The net asset value per share for Fixed Income Dollar Shares and Fixed
Income Shares, respectively, of the Fixed Income Fund and for Service Shares and
Institutional Shares, respectively, of the Bond Portfolio for purposes of
pricing purchase and redemption orders is determined as of 4:00 P.M., Eastern
Time, on each Business Day.
OTHER INFORMATION. PNC Fund and the Trust are registered as open-end management
investment companies under the 1940 Act. Currently, PNC Fund offers twenty-five
investment portfolios and the Trust offers one investment portfolio.

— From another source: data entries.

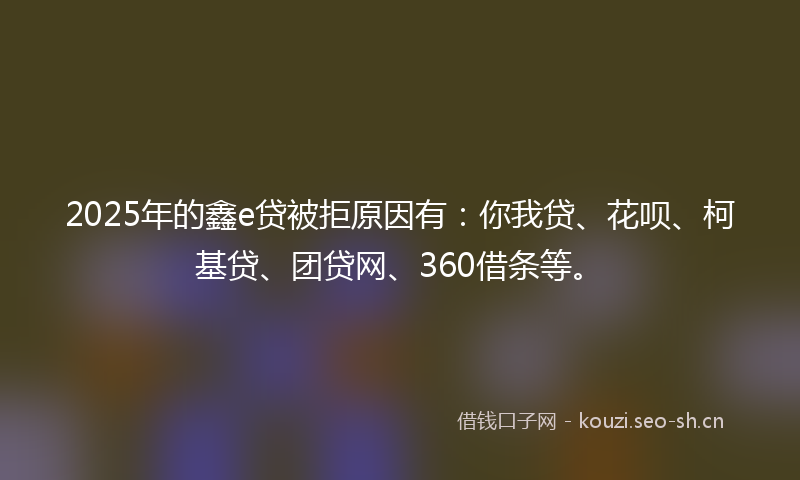 2025年的鑫e贷被拒原因有:你我贷、花呗、柯基贷、团贷网、360借条等。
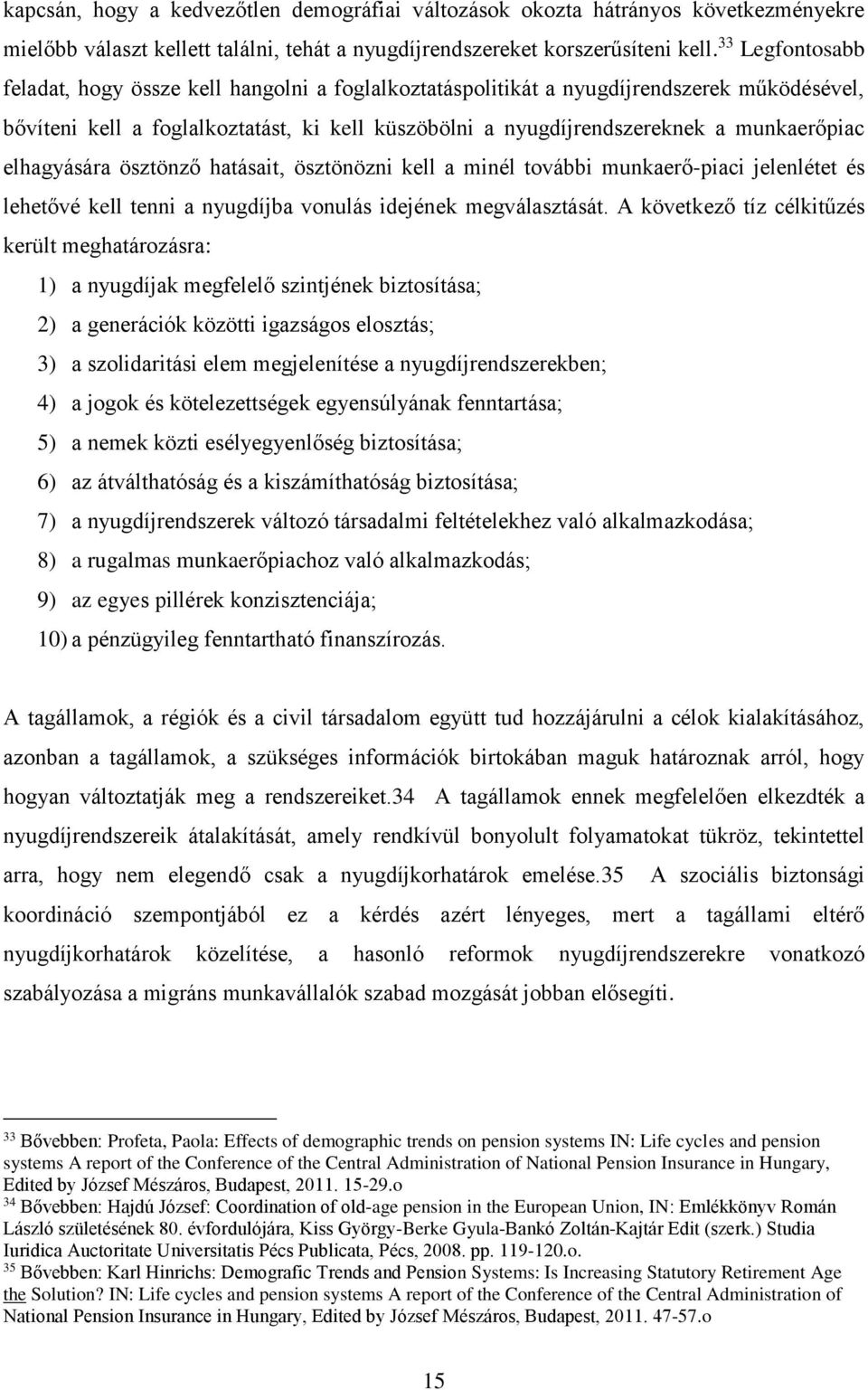 elhagyására ösztönző hatásait, ösztönözni kell a minél további munkaerő-piaci jelenlétet és lehetővé kell tenni a nyugdíjba vonulás idejének megválasztását.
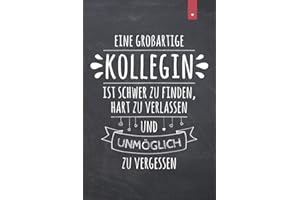 Eine großartige Kollegin: Schönes Abschiedsgeschenk für die Kollegin | Liniertes Notizbuch im DIN A5 Format mit 120 Seiten | Jobwechsel Geschenk ... | Alternative zur Karte für den Abschied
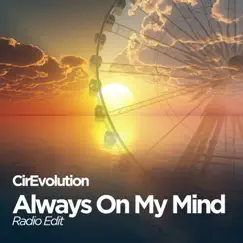 Always On My Mind - Single by CirEvolution album reviews, ratings, credits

The Trust and PNC Fund are organized as Massachusetts business trusts and
are subject to the provisions of their respective Declarations of Trust and
Codes of Regulation. The attributes of a share of common stock in PNC Fund are
comparable to those of a share of beneficial interest in the Trust. Shares of
both the Bond Portfolio and the Fixed Income Fund are entitled to one vote for
each full share held and fractional votes for fractional shares held; will vote
in the aggregate and not by class except as otherwise required by law or when
class voting is permitted by the respective Board of Trustees; and are entitled
to participate equally in the dividends and distributions that are declared with
respect to the particular investment portfolio and in the net distributable
assets of such portfolio on liquidation. Each Fixed Income Dollar Share and
Fixed Income Share of the Fixed Income Fund is without par value, whereas each
Service Share and each Institutional Share of the Bond Portfolio has a par value
of $.001. In addition, shares of the Bond Portfolio and the Fixed Income Fund
have no pre-emptive rights and only such conversion and exchange rights as the
respective Board of Trustees may grant in its discretion. When issued for
payment as described in their respective Prospectuses, Bond Portfolio shares and
Fixed Income Fund shares are fully paid and non-assessable by such entities
except as required under Massachusetts law. Neither PNC Fund nor the Trust is
required to hold annual meetings for the election of Board members and other
business unless and until such time as less than a majority of the Board members
holding office have been elected by shareholders. Under certain circumstances,
however, shareholders have the right to call a meeting of shareholders to
consider the removal of one or more trustees. To the extent required by law, PNC
Fund and the Trust will assist in shareholder communications in such matters.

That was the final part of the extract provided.